In the mainstream, Sabado Gigante has inspired its share of live spoofs of Latino television on shows including Saturday Night Live and The Soup. And while younger generations of Latinos might dismiss it as antiquated, or better suited for their parents or grandparents, it has an indisputable place in U.S. Hispanic culture, bringing together millions of Latinos every week that see the show as a kind of glue that keeps them together, regardless their country of origin.

“You can say anything about Sabado Gigante, but the show and its host have been key to the growth of the U.S. Hispanic market,” says Luis Miguel Messianu, president and Chief Creative Officer of Alma, one of the nation’s top Hispanic advertising agencies, which regularly uses Sabado Gigante and Kreutzberger as platforms to pitch products and services to the Hispanic demographic.

“We owe it to Mario Kreutzberger for putting U.S. Hispanics on the map,” says Messianu, whose clients — State Farm and Pepsi among them — are regular advertisers on Sabado Gigante.

Indeed, Sabado Gigante is also an advertiser’s dream come true. Throughout his 50 years on television, Don Francisco has helped pitch dozens, if not hundreds, of brands to its millions of viewers worldwide. The show has capitalized for years on the product-placement trend, inserting ads for firms that range from Dell Computers to Coors Light, Coca-Cola and the Ford Motor Co. Unlike other shows that claim to seamlessly and subtly integrate a brand within a sitcom or a telenovela, Don Francisco does it bluntly, often inviting a live audience to join him in singing an advertiser’s jingle.

As Don Francisco, Kreutzberger has interviewed a wide range of people, from the smallest man on Earth to world leaders and Hollywood personalities. He has been a guest of honor to the assumption of seven Chilean presidents, and received a star on Hollywood’s Walk of Fame in 2001.

And while he estimates he has done more than 50,000 interviews throughout his career, he still has one more goal to accomplish: To launch a television network targeting senior citizens, going beyond what most TV outlets currently do, which is to cater to the 18-49 crowd. “I want to have a TV chain for people ages 50 and over,” he says.

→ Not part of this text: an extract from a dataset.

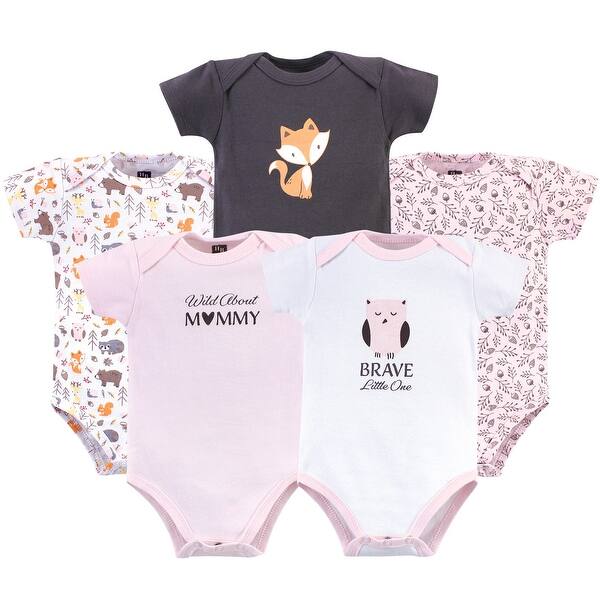 slide 1 of 1, Hudson Baby Infant Girl Cotton Bodysuits 5pk, Woodland 0-3 Months - Woodland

In addition to hosting Sabado Gigante, Kreutzberger also hosts a one-hour weekly show called Don Francisco Presenta, a more serious interview-only show, also on the Univision Network. Additionally, he created Teleton, a charity telethon for physically disabled children that this year raised more than $50 million for children throughout the Americas. And he is the president of the International Organization of Telethons, a group dedicated to improving the quality of life of people with disabilities, and is the Latino spokesperson for the Muscular Dystrophy Association.

Unlike most people his age, Kreutzberger does not think of retirement. In fact, when asked about retirement, he refers to what he himself calls a clichéd, overused phrase: “I don’t think you retire yourself, you get yourself retired. In my case, I’ll be retired by the ratings, or by my own physical and intellectual endurance.”

But now? No reason to think about it — he’s at the height of his career.